When Process and Data Automation (PDA) is on the hunt for controls engineers, it searches for those with classroom and laboratory experience, with that lab experience also coming from outside classroom walls. In an effort to find those well-rounded employees, PDA established its own internship program to help train the next generation of engineers.
“Our staff growth includes recent college graduates and it’s critical that we employ highly educated, capable and prepared engineers,” explained Mike Benedict, PDA vice president. “We felt the best way to ensure college students received real-world experience was to create our own program.”
Through an ongoing relationship with Penn State Erie, the Behrend College’s School of Engineering, the company approached the school asking if it would support a PDA-sponsored internship program. In addition to preparing students, Benedict felt it would provide students with a true industry perspective. Many years later, dozens of college students have augmented their college studies by working at PDA, earning both credits and an income.
Students in the school’s Electrical and Computer Engineering Technology (ECET) and Electrical Engineering (EE) programs are eligible and begin their paid internship at PDA after their fourth semester, working about 15 hours per week through graduation. In addition to Penn State students, PDA accepts similarly prepared students from other colleges. “The interns’ exposure to the fundamentals helps build the foundation necessary to gain immediate and meaningful work experience with us,” Benedict said.
But don’t just take it from Benedict. Graduates who worked for PDA say their time with the Erie, Pa.-based controls and integration company was a critical component of their education. “Working at PDA absolutely complemented my studies at Penn State,” said Alan Owens. “PDA was like an advanced PLC programming class with more professors than students.”

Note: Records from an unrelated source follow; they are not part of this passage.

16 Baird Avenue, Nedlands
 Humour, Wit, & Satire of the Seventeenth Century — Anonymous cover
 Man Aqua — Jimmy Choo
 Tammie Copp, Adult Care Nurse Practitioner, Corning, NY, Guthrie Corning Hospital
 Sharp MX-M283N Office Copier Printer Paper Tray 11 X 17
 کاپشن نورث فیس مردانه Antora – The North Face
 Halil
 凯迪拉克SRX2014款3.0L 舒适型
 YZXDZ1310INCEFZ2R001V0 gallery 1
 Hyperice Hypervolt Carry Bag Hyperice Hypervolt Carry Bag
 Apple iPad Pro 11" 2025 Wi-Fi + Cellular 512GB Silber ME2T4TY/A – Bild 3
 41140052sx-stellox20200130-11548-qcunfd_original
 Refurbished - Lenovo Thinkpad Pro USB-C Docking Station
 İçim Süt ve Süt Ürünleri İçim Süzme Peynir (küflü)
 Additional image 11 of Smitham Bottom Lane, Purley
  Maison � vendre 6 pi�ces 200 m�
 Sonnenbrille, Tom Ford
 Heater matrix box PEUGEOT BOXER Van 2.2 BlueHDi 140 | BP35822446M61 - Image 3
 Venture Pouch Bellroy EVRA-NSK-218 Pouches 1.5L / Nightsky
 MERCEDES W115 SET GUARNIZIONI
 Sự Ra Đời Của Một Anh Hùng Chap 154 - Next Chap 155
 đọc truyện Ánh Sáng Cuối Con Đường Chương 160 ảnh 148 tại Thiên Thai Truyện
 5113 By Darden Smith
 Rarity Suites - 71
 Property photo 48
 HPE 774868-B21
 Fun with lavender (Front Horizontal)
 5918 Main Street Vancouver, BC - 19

Owens, who works for Joy Mining Machinery in Franklin, Pa., as a process engineer, said his experience at PDA felt like a true engineering position. “I wasn’t just making copies or PowerPoint slides,” he said. “I was working with the team and making real contributions.” The PDA internship program also helps give students an edge in the classroom. “Having worked at PDA prior to taking an intermediate PLC course at Penn State, I was already introduced to many – if not all – of the concepts covered in the class and definitely had an upper hand,” said Rob Leck, who works for Norfolk & Southern in Pittsburgh as a management trainee who will, within a year, become a track supervisor.
Although working for a paycheck is appealing to the interns, so too is real-world learning and making true contributions to the company. “At PDA, you are guaranteed work that is relevant to your engineering studies,” explained Eric Williams. “I wanted to make money in a related field and PDA offered opportunities such as onsite work for start-ups and service contracts, frequently available training classes and flexible hours to work around my classes.”
The PDA training ground also serves as a pipeline for the company, which hires from the program almost exclusively. In fact, Williams earned his Penn State degree and immediately went from PDA intern to PDA employee. “The internship helped develop the skills needed for full-time employment,” Williams said. “As my understanding of the systems grew, so did my involvement with projects. It started with the understanding and design of system schematics, then HMI development and finally some PLC integration.” It is that type of experience and involvement that Leck said is so valuable to students. “You will have the opportunity to work with customers and side by side with engineers on multiple projects. There are opportunities to travel with an engineer and get fieldwork experience as well,” he said. “I will be the first person to recommend a PDA internship.”